Please copy exactly the part of the records below that opens with the line containing "Kaos Anime Simpel" and closes with the line containing "Happy mothers day banner vector", leaving out any pictures.

_GIVEN RECORDS_.
◇ ◇ ◇ ◇ ◇
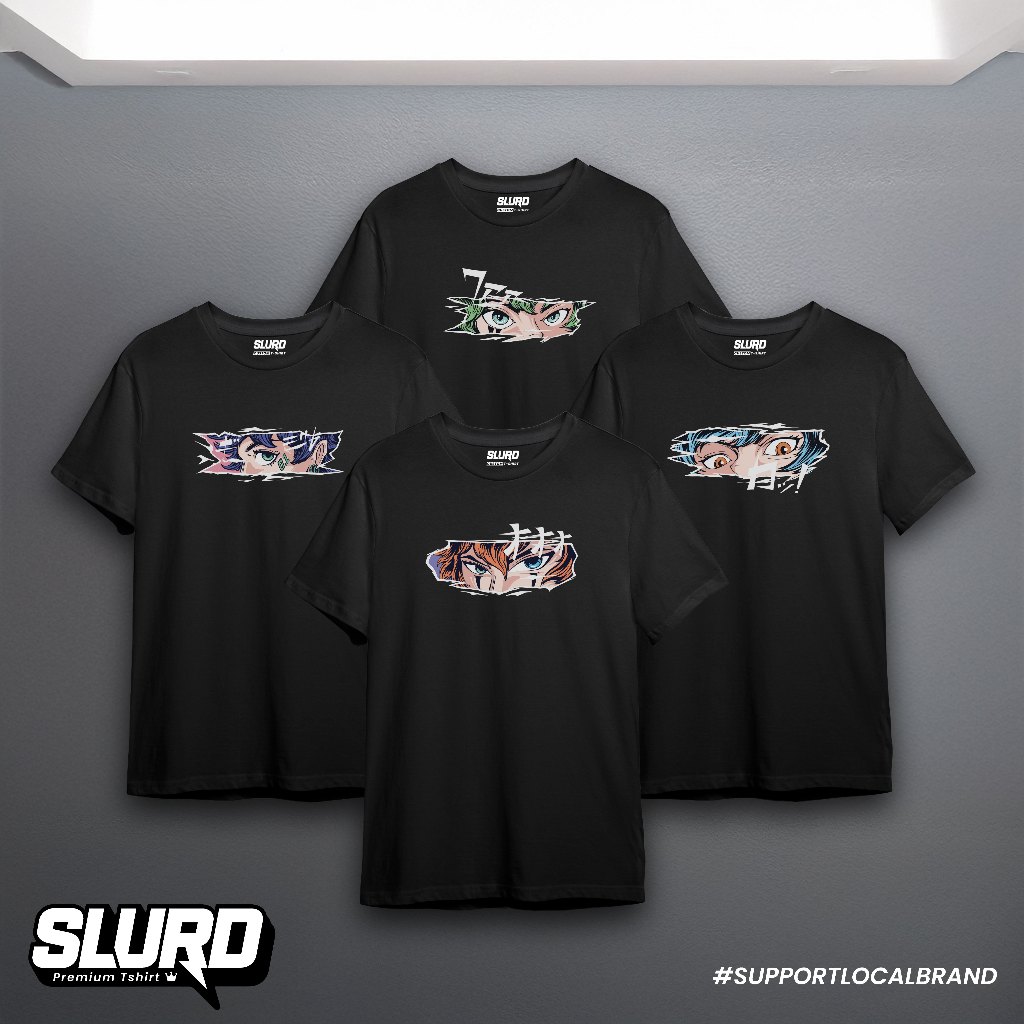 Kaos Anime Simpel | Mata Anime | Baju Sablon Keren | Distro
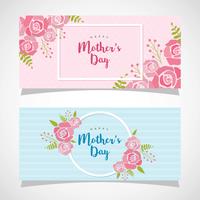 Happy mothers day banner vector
◇ ◇ ◇ ◇ ◇
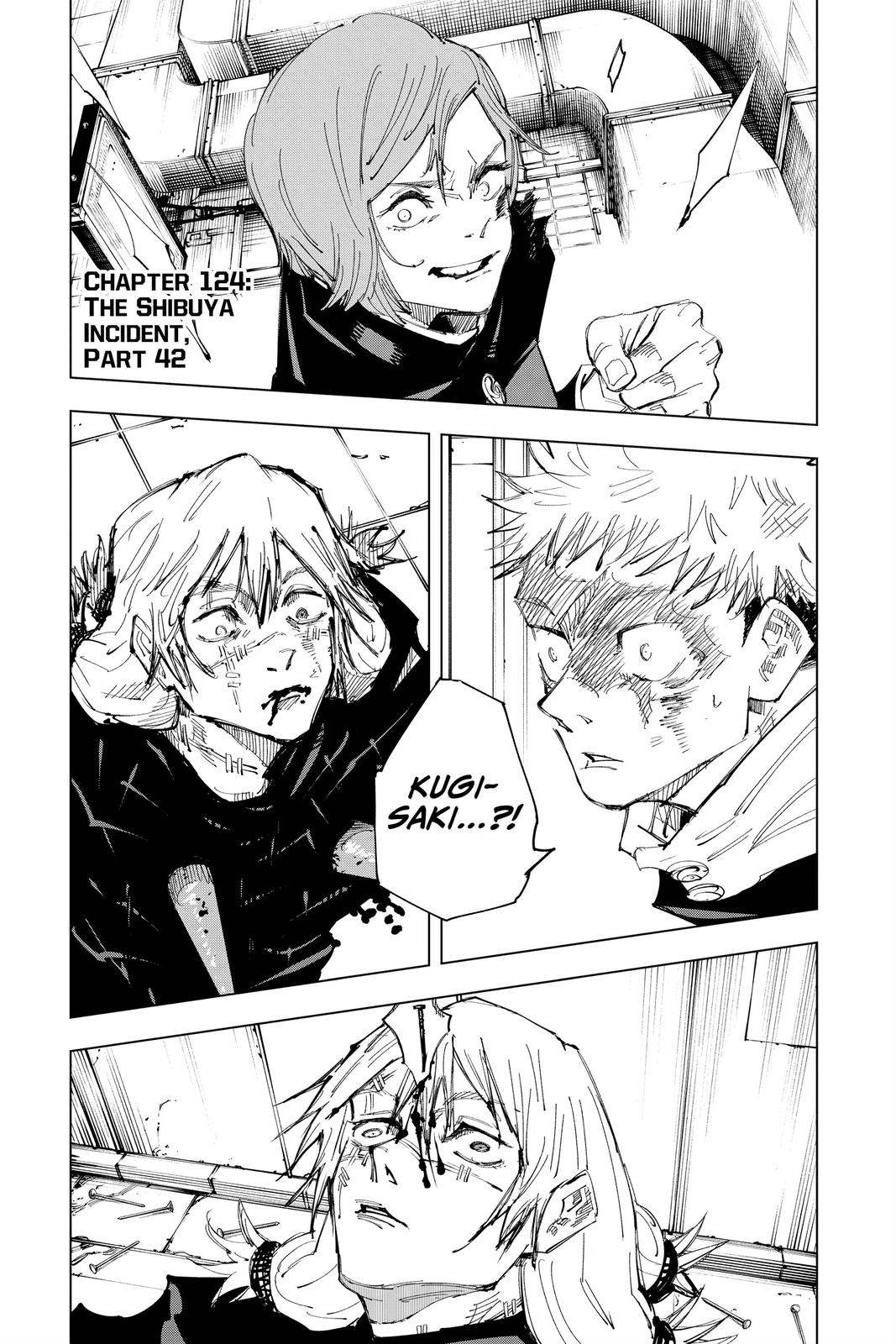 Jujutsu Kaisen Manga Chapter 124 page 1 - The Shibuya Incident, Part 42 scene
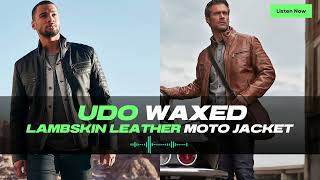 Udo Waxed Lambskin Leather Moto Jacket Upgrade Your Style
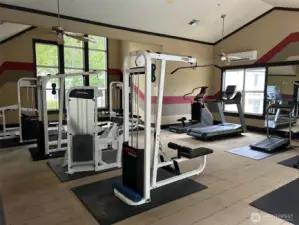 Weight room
◇ ◇ ◇ ◇ ◇
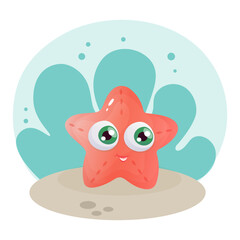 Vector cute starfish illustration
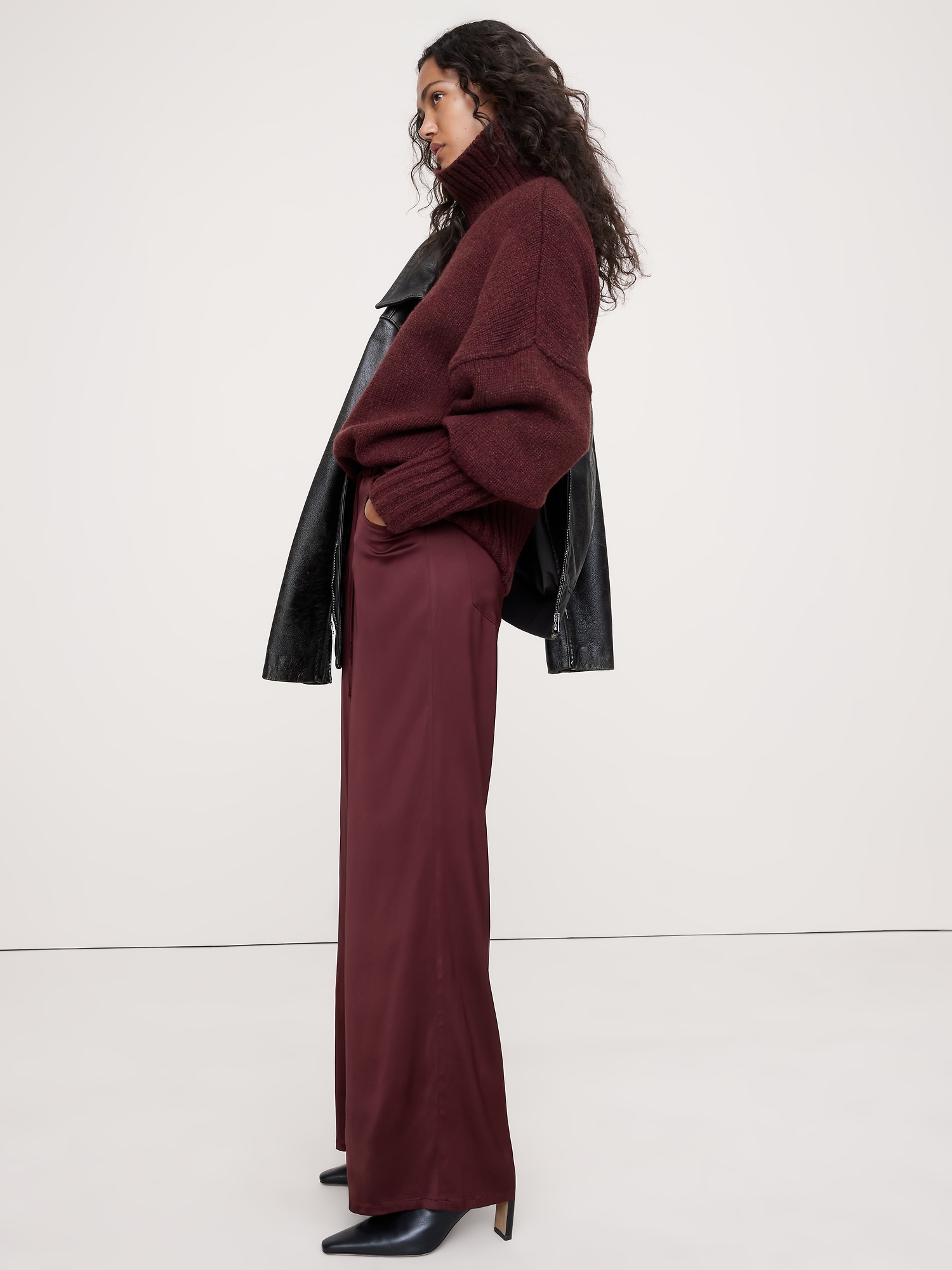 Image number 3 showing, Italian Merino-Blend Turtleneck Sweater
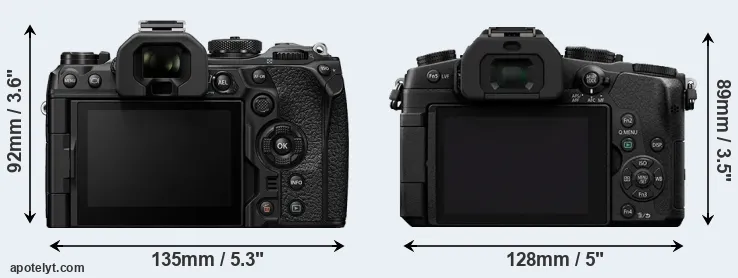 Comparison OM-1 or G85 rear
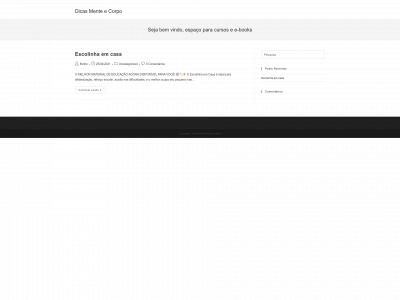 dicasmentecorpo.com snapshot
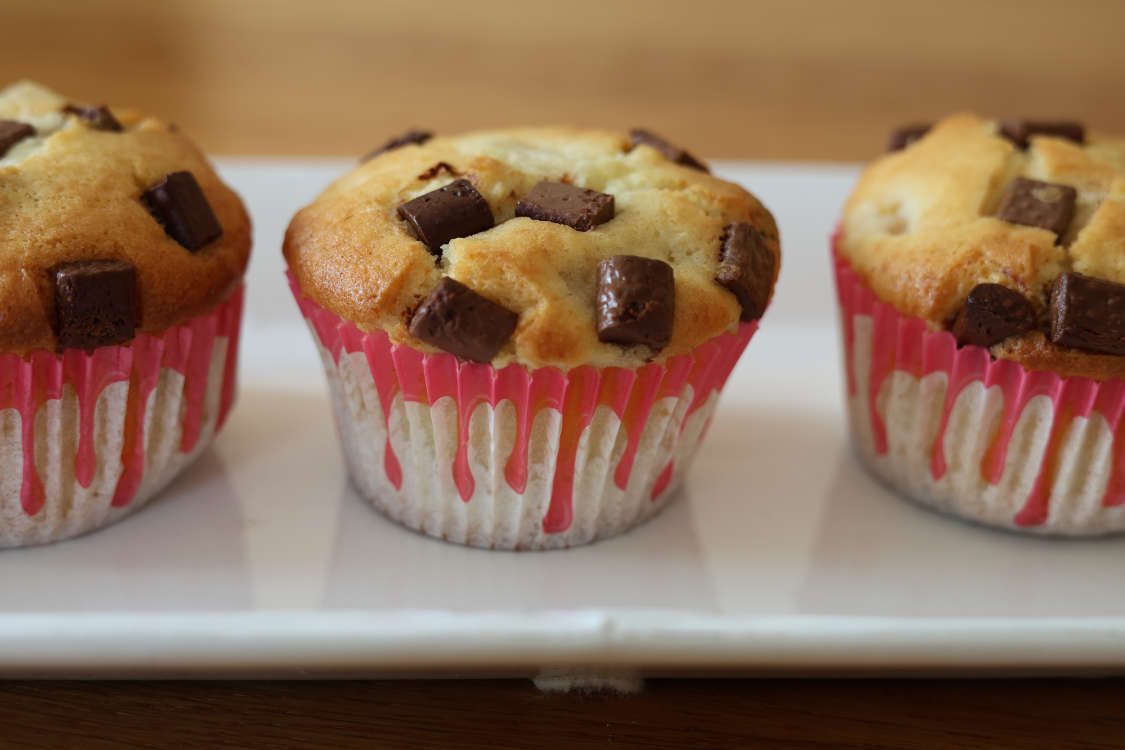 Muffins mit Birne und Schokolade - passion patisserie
◇ ◇ ◇ ◇ ◇
_RESPONSE TO THIS TASK_.
 Kaos Anime Simpel | Mata Anime | Baju Sablon Keren | Distro
 Happy mothers day banner vector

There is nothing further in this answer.